In an op-ed published Sunday in The Washington Post, Bill Oakley—a writer and show-runner during the series' golden years in the '90s, who moved to Portland a decade ago and now has a burgeoning career as a fast-food critic—wrote that Republicans are using "the Sideshow Bob defense," which argues that a crime is not a crime if the perpetrator ultimately fails to commit said crime.
Related: Portland Fast-Food Blogger Bill Oakley Is Maybe Best Known For His Writing On "The Simpsons."
It's a reference to 1994's "Sideshow Bob Roberts," in which the titular former Krusty the Clown sidekick turned ex-con runs for mayor of Springfield. Early in the episode, Bob—voiced by Kelsey Grammer—dismisses his unsuccessful attempt to murder Bart Simpson, saying, "Attempted murder? Now honestly, what is that? Do they give a Nobel Prize for attempted chemistry?"

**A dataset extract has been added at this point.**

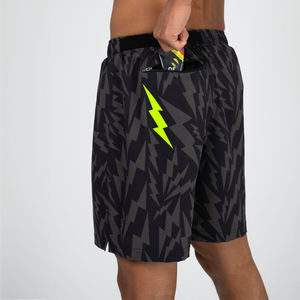 Custom Printed High Quality Bulk Wholesale Supply Soft Loose Breathable Yoga Casual Hot <b>Shorts</b> - Product Image 5
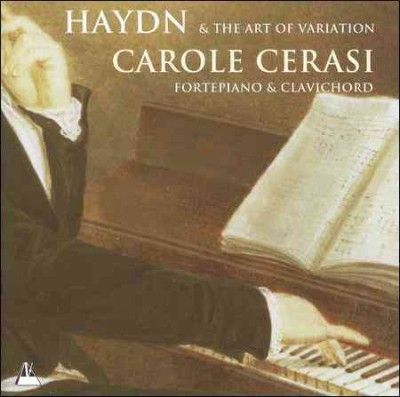 Haydn and the Art of Variation (CD / Album)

In the Post, Oakley, who wrote the episode along with Josh Weinstein, points out several recent real-world examples in which Trump apologists have tried to defend the president's "quid pro quo" with Ukraine using more or less the same argument. That includes House Minority Leader Kevin McCarthy ("Name me one thing that Ukraine did to release the money. Nothing"), the Wall Street Journal editorial page ("[I]t may turn out that while Mr. Trump wanted a quid-pro-quo policy ultimatum toward Ukraine, he was too inept to execute it") and former U.N. ambassador Nikki Haley, who told the Post, "[I]t's hard for me to understand where the whole impeachment situation is coming from, because what everybody's up in arms about didn't happen."
"That the GOP has taken a cue from Sideshow Bob is shrewd, on one level," Oakley writes. "He's savvy enough to know that in Springfield—and, perhaps, elsewhere in the United States?—a middle-aged white male wearing a tie and saying anything with some conviction will be believed by at least 55 percent of people, especially if they already want to believe it."
Oakley writes that he doesn't believe the "Sideshow Bob defense" of Trump will be long-lived, however, since "it fails to stand up to even the slightest scrutiny." In fact, it even got shut down at last week's impeachment hearings, when Rep. Joaquin Castro half-seriously asked ambassador William B. Taylor, "Is attempted murder a crime?" Taylor answered in the affirmative.